FLORIANÓPOLIS: O ano era 2020, e uma pandemia assolou o mundo. Não diferente do que se poderia esperar, uma crise econômica se anunciou (e se cumpriu). Os mercados entraram em pânico e, tudo que ontem valia 100, hoje vale 50. Do dia para a noite, empresas consolidadas na história foram arruinadas, desempregando milhares diretamente e, milhões, indiretamente.
Mas um segmento, aparentemente imune a essa tensão, ao invés de sofrer, foi beneficiado. O isolamento social fez com que quem antes morava em um apartamento pequeno (pois passava a maior parte do dia no escritório e na rua), passasse a olhar com mais atenção para imóveis maiores.
Sem nenhuma surpresa, acompanhamos o mercado imobiliário despontar, elevando seus preços a patamares nunca antes vistos. A queda abrupta na taxa básica de juros também foi colaboradora para que os preços (ainda que no auge) pudessem ser suportados pela capacidade de pagamento dos compradores. Mas o mar de rosas não duraria muito tempo.
Poucos meses após tamanho fervor, o mercado já mostra sinais de esgotamento. A taxa de juros já não é mais de 2% ao ano, mas de 10%. Os imóveis que antes, quando financiados, tinham uma parcela 1x, hoje tem uma parcela 4 ou 5x. O custo de moradia (quanto se gasta mensalmente para morar de aluguel vs. quanto se gasta mensalmente para morar em imóvel próprio, financiado ou quitado) já não faz mais sentido.

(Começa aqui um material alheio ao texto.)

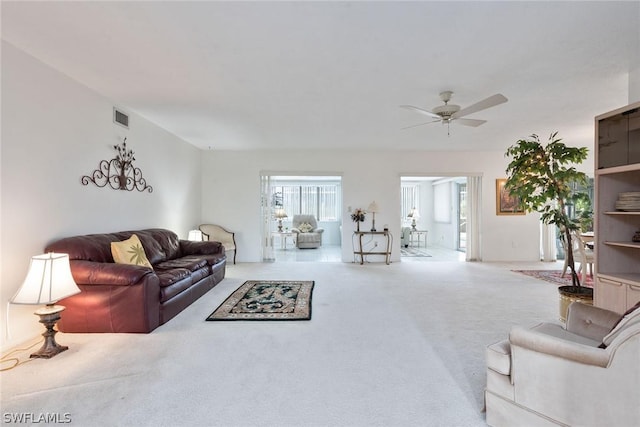 carpeted living room featuring ceiling fan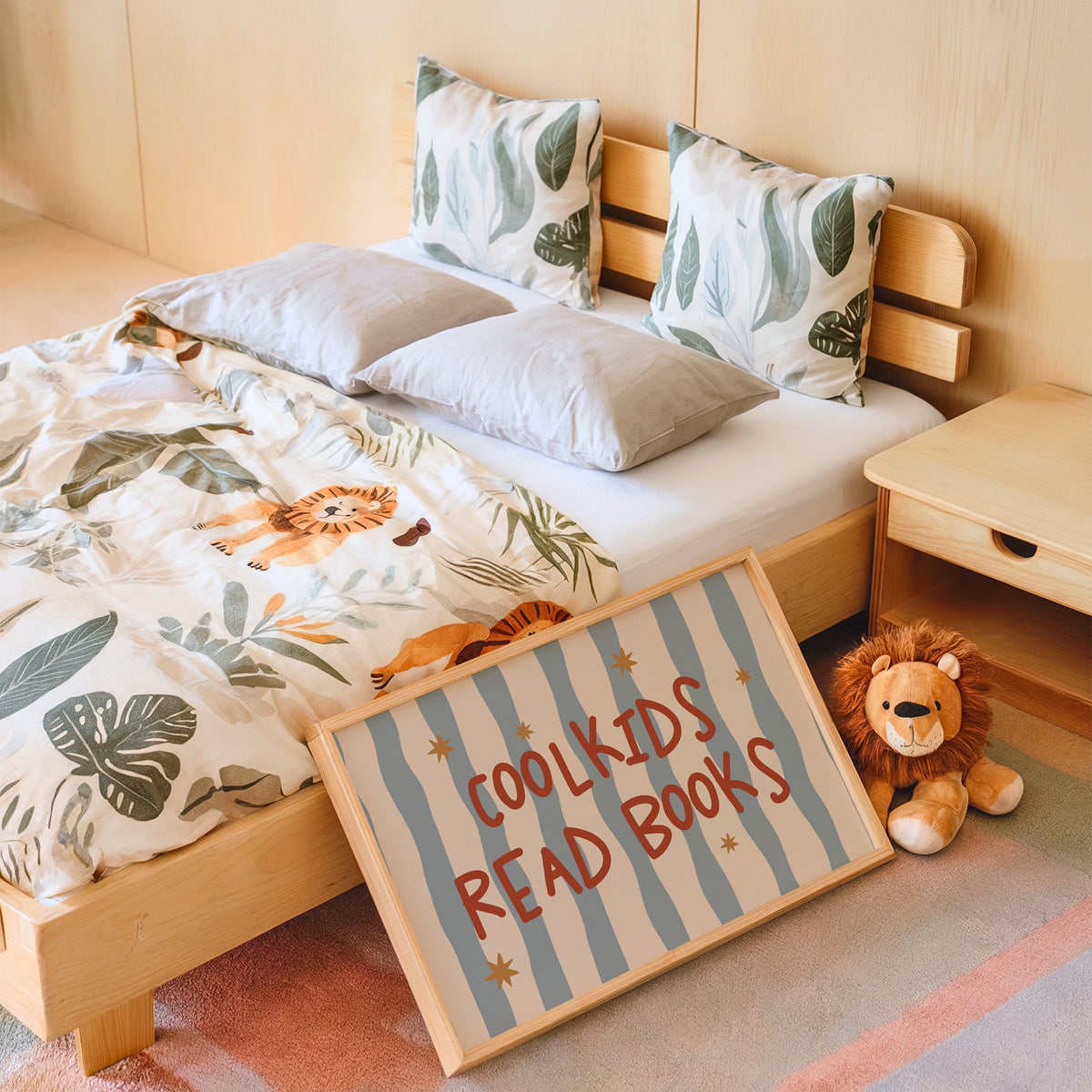 Landscape cool kids read books gold stars nursery print in an oak frame leaning on a kids bed by a lion plush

Não sou grande fã de comentar casos concretos, mas aconteceu comigo, esse fim de semana (o que me levou a escrever esse texto em pleno domingo). Eu estava almoçando ontem, sábado (05) quando encontrei, despretensiosamente, um colega, João (vou assim chamá-lo) que me contou entusiasmado que havia comprado um apartamento muito próximo de onde almoçávamos. Para nossa surpresa, eu estou negociando um imóvel no mesmo edifício, porém para locação.
Papo vai, papo vem, João me confessou que estava um pouco angustiado com o preço que havia pagado pelo imóvel: R$3.45 milhões. Ele não deveria ter feito a pergunta que me fez, logo na sequência, pois, como já estava desgostoso do negócio, ficou ainda mais quando soube por quanto estou fechando a locação: R$8 mil. Veja, R$3,45 milhões para compra contra R$8 mil de aluguel, para o mesmo imóvel, mesma área, tudo igual, com exceção de serem duas unidades distintas, uma no 7º e outra no 8º andar.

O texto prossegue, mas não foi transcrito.